COSA STA SUCCEDENDO IN RAI?

Si torna a parlare di Rai; dopo il caso Tele-Meloni la maggioranza di governo ha presentato pochi giorni fa in Senato un disegno di legge per la riforma delle modalità elettive del Consiglio di amministrazione della Rai.

Una riforma che cambia sostanzialmente tutto e che sta dando adito a polemiche molto accese.

COME FUNZIONA ADESSO

Al momento il CDA Rai è composto da sette membri in carica per tre anni: uno eletto dai dipendenti Rai, due nominati direttamente dal Ministero dell’economia (Amministratore delegato e Presidente, per il quale però è richiesta la conferma vincolante della commissione di vigilanza Rai con una maggioranza qualificata di due terzi), due sono eletti dalla Camera e due dal Senato.

Queste modalità di nomina sono state, nel corso degli anni, criticate da molti partiti: dal Movimento 5 Stelle alla Lega, sino al Partito Democratico, nonostante queste regole siano previste da una legge, la 220 del 2015, voluta dall’allora Presidente del Consiglio Matteo Renzi.

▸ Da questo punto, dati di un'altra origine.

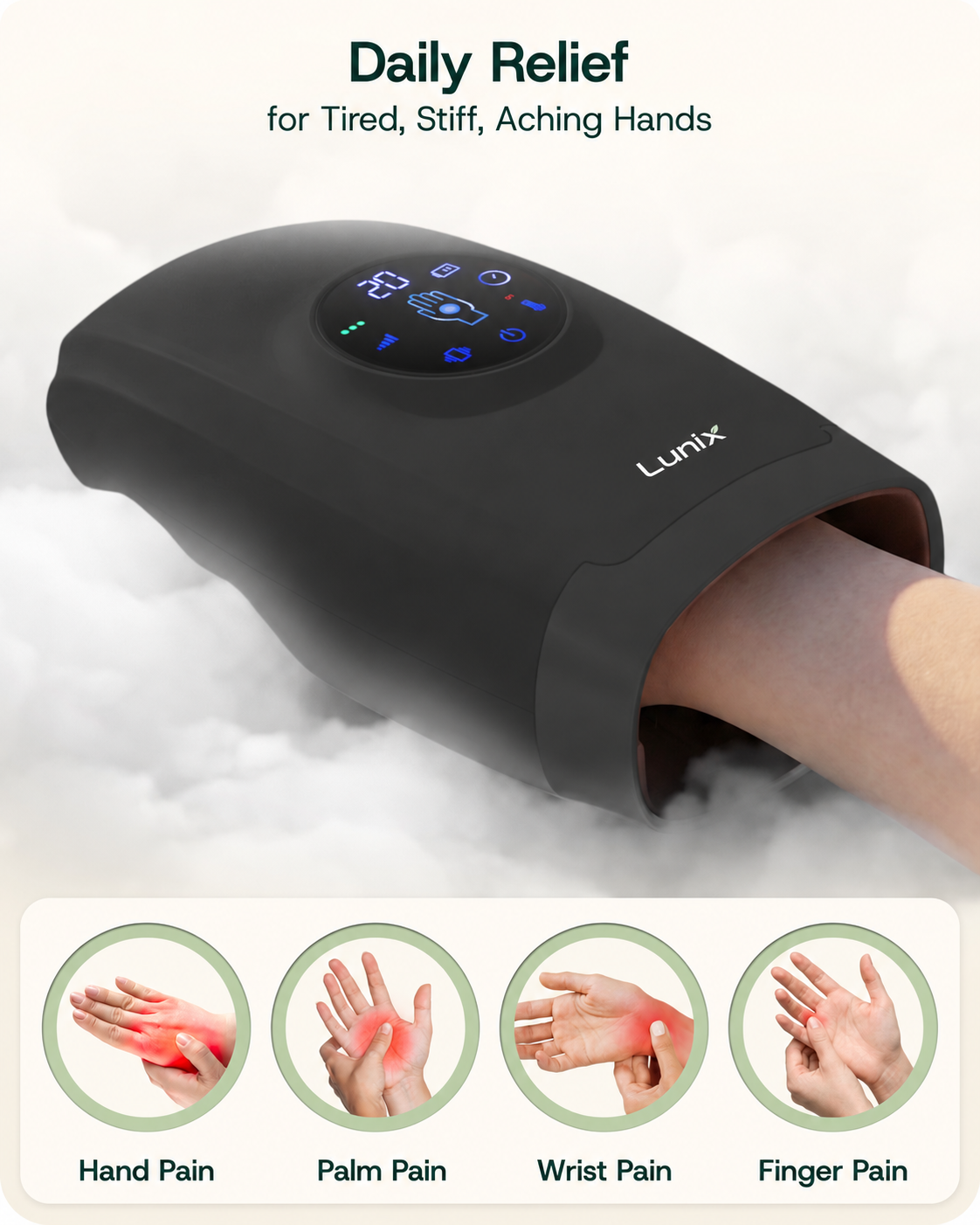 Lunix LX7 Heated Air Compression Hand Massager, Charcoal Black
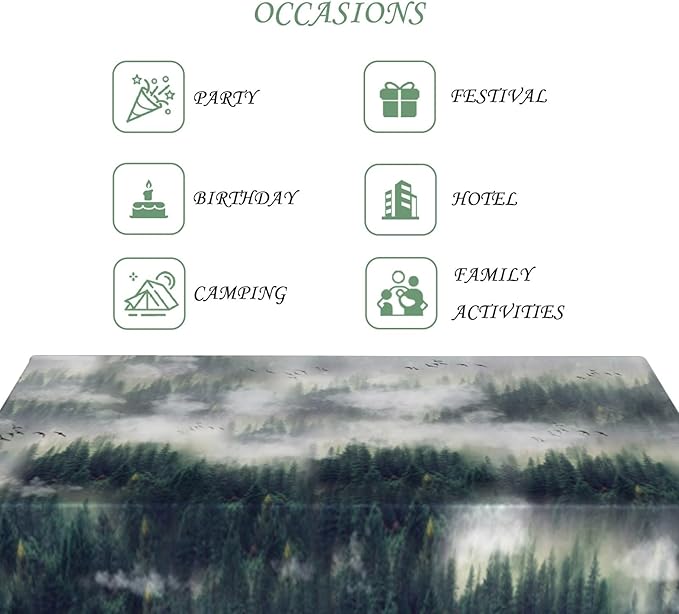 52x70 Inch Nature Rectangular Tablecloth Bird Fog Pine Tree Dreamland Table Cloth Waterproof Durable Table Cover for Holiday Picnic Outdoor BBQ Decor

Questa legge, secondo i partiti sopracitati, ha costituito una ‘’lottizzazione’’ della Rai, cioè una vera e propria spartizione tra partiti dei ruoli chiave all’interno della televisione di stato. 

Un vero e proprio sistema di potere in cui le vittime, di fatto, sono state e sono tutt’oggi la neutralità della TV e la libera informazione dei cittadini italiani.

LA RIFORMA

La riforma presentata dal centrodestra cambia tutto, dal tempo in carica dei componenti, che passa da tre a cinque anni, alle modalità elettive del CDA.

La novità principale è che ad avere un ruolo centrale sarà il Parlamento e non più il Governo: dei sette membri infatti uno verrà sempre nominato dai dipendenti Rai, ma gli altri sei da Camera e Senato (tre membri ciascuno). 

A fare molto discutere sono però le maggioranze richieste: la maggioranza qualificata di due terzi dei componenti sarà necessaria solo per le prime due votazioni, dalla terza votazione in poi sarà sufficiente la maggioranza assoluta.

Stesso discorso vale anche per la nomina del Presidente: il parere della commissione di vigilanza resta vincolante, ma anche in questo caso la maggioranza qualificata dei due terzi è richiesta solo per le prime due votazioni, poi sarà richiesta solo la maggioranza assoluta.

LE REAZIONI DELLA POLITICA

Reazioni opposte, quelle di maggioranza e opposizione, a questo disegno di legge.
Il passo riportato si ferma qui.